Item 10. Financial Statements
(a) Financial information. Not applicable. The financial statements are not considered material because (i) the consideration offered consists solely of cash; (ii) the Offer is not subject to any financing condition; and (iii) the offeror is a public reporting company under Section 13(a) or 15(d) of the Exchange Act that files reports electronically on EDGAR.
(b) Pro forma information. Not applicable. Pro forma financial information is not considered material because (i) the consideration offered consists solely of cash; (ii) the Offer is not subject to any financing condition; and (iii) the offeror is a public reporting company under Section 13(a) or 15(d) of the Exchange Act that files reports electronically on EDGAR.
Item 11. Additional Information
(a) Agreements, regulatory requirements and legal proceedings.

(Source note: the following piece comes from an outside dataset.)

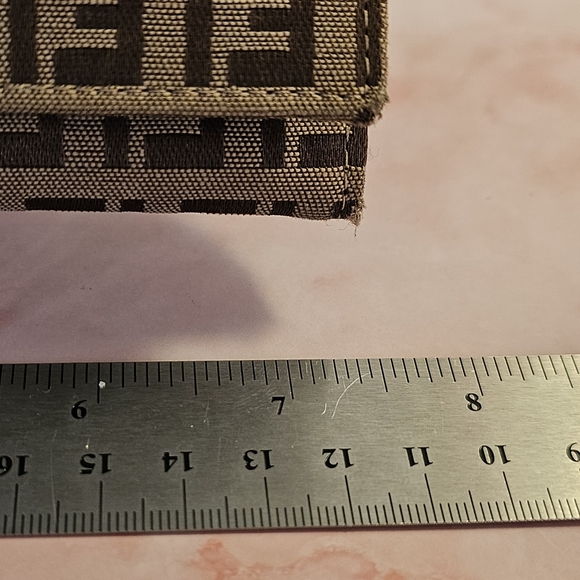 👜Fendi Zucchino Canvas & Leather Vintage Wallet in Continental Brown & Beige - Picture 11 of 15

(a)(1) The information set forth in Section 10 “Interests of Directors and Executive Officers; Transactions and Arrangements Concerning IHC Common Stock” in the Offer to Purchase is incorporated herein by reference. Additional information from future filings with the Securities and Exchange Commission (“SEC”) may be incorporated by reference herein by amending this Schedule TO. The Company will amend this Schedule TO to reflect material changes to information incorporated by reference in the Offer to Purchase to the extent required by Rule 13e-4(d)(2) and will amend the Schedule TO to include documents that the Company may file with the SEC after the date of this Offer to Purchase pursuant to Sections 13(a), 13(c) and 14 of the Exchange Act and prior to the expiration of the Offer to the extent required by Rule 13e-4(d)(2) of the Exchange Act.
(a)(2) The information set forth in Section 12 “Legal Matters; Regulatory Approvals” in the Offer to Purchase is incorporated herein by reference.
(a)(3) Not applicable.
(a)(4) Not applicable
(a)(5) The information set forth in Section 12 “Legal Matters; Regulatory Approvals” in the Offer to Purchase is incorporated herein by reference.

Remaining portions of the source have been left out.